Gus Rozaq mengungkapkan bahwa penunjukan Bahrul Ulum sebagai tuan rumah bermula dari inisiatif pesantren yang mengajukan diri kepada PBNU. Usulan ini kemudian ditindaklanjuti dengan survei mendalam dan penilaian oleh tim PBNU, hingga akhirnya Tambakberas dinyatakan layak menjadi lokasi penyelenggaraan. "Kami hanya memiliki semangat untuk bisa berkontribusi menyukseskan Muktamar NU ke-35. Alhamdulillah setelah dilakukan survei oleh tim PBNU, pesantren dinyatakan layak menjadi tuan rumah. Tinggal ada beberapa penyempurnaan kecil yang sedang kami selesaikan," jelasnya. Untuk kebutuhan akomodasi, para muktamirin akan ditempatkan di sejumlah gedung madrasah di bawah naungan Pondok Pesantren Bahrul Ulum, yang semuanya telah melalui proses survei dan dinilai layak sebagai tempat menginap.
Dukungan penuh juga datang dari Pengurus Cabang Nahdlatul Ulama (PCNU) Jombang. Ketua PCNU Jombang, KH Fahmi Amrullah, menyambut baik penunjukan PPBU Tambakberas dan menegaskan kesiapan pihaknya untuk membantu panitia pusat menyukseskan agenda nasional ini. "Pondok pesantren di sekitar Tambakberas, seperti Denanyar, Tebuireng, dan Rejoso Peterongan, insyaallah juga siap membantu," kata Fahmi.
Warga nahdliyin di Jombang sangat bersyukur atas kepercayaan yang diberikan kepada PPBU Tambakberas. Fahmi berharap kegiatan ini dapat berjalan aman, lancar, dan menghasilkan kepengurusan organisasi yang bersih dan visioner. Pelaksanaan Muktamar ke-35 NU di Jombang juga memiliki nilai historis yang kuat, mengingat Jombang adalah tanah kelahiran para pendiri Nahdlatul Ulama, yaitu KH Hasyim Asyari, KH Wahab Chasbullah, dan KH Bisri Syansuri. "Kami siap menyambut para tamu yang datang dari berbagai daerah, bahkan dari Pengurus Cabang Istimewa (PCI) yang ada di luar negeri. Tentu kita akan mempersiapkan diri dengan sebaik-baiknya," pungkas pengasuh Pondok Pesantren Putri Tebuireng Jombang ini.

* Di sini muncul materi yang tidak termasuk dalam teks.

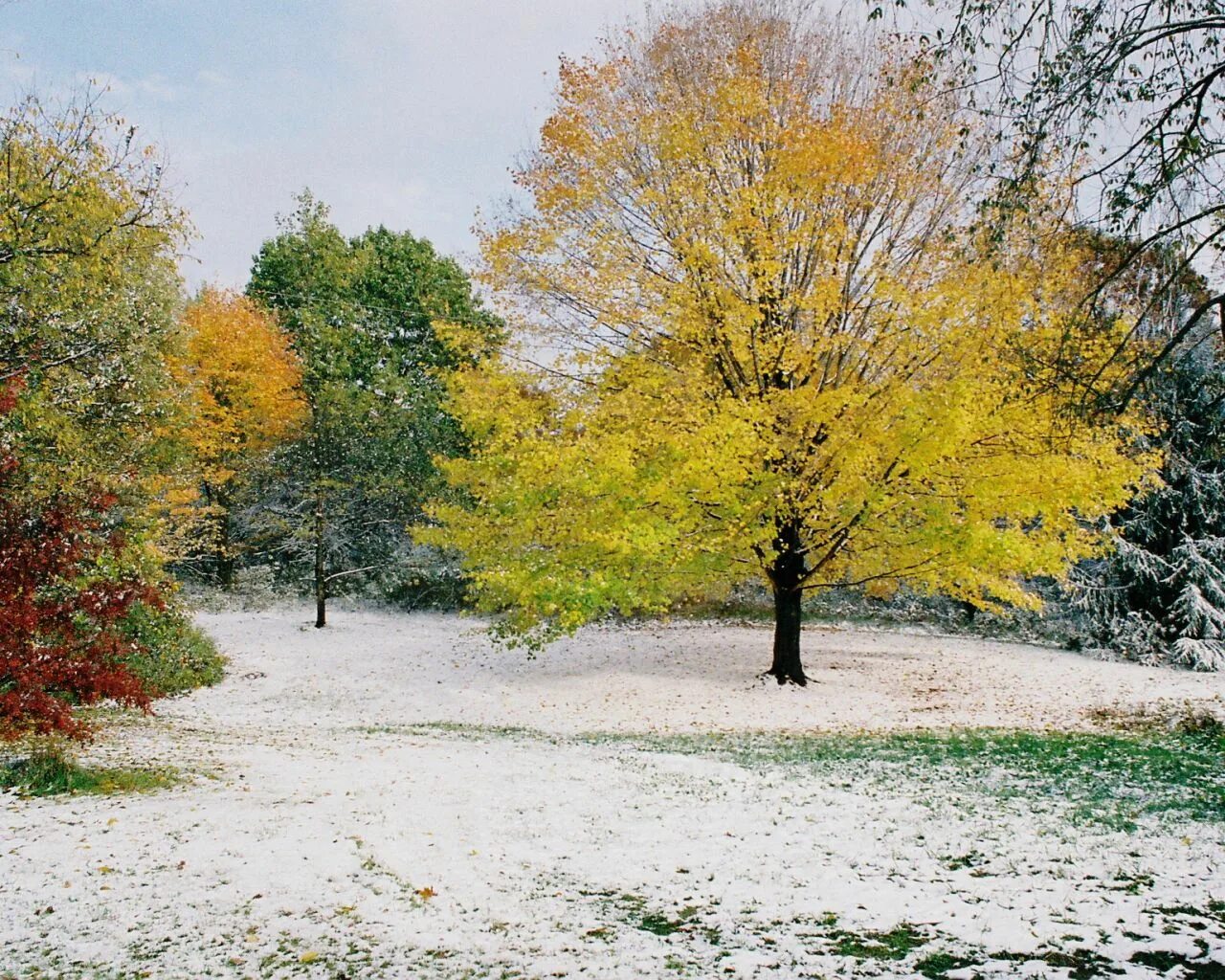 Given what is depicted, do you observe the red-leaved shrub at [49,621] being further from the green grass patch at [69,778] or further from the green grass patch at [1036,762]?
the green grass patch at [1036,762]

Keputusan resmi penetapan lokasi dan waktu muktamar ini dibacakan langsung oleh Rais Aam PBNU KH Miftachul Ahyar saat memimpin rapat gabungan Syuriyah dan Tanfidziyah PBNU di Jakarta. Sekretaris Jenderal PBNU Saifullah Yusuf, atau Gus Ipul, menambahkan bahwa rapat tersebut tidak hanya menetapkan lokasi, tetapi juga memastikan waktu pelaksanaan muktamar. "Selain menetapkan lokasi muktamar, rapat juga memutuskan pelaksanaan muktamar digelar pada 27 sampai 30 Agustus 2026," ujar Gus Ipul melalui keterangan tertulisnya kepada abcmarathinews.com. Dengan demikian, Jombang dan seluruh elemen nahdliyin kini bersatu padu mempersiapkan diri menyambut perhelatan akbar ini.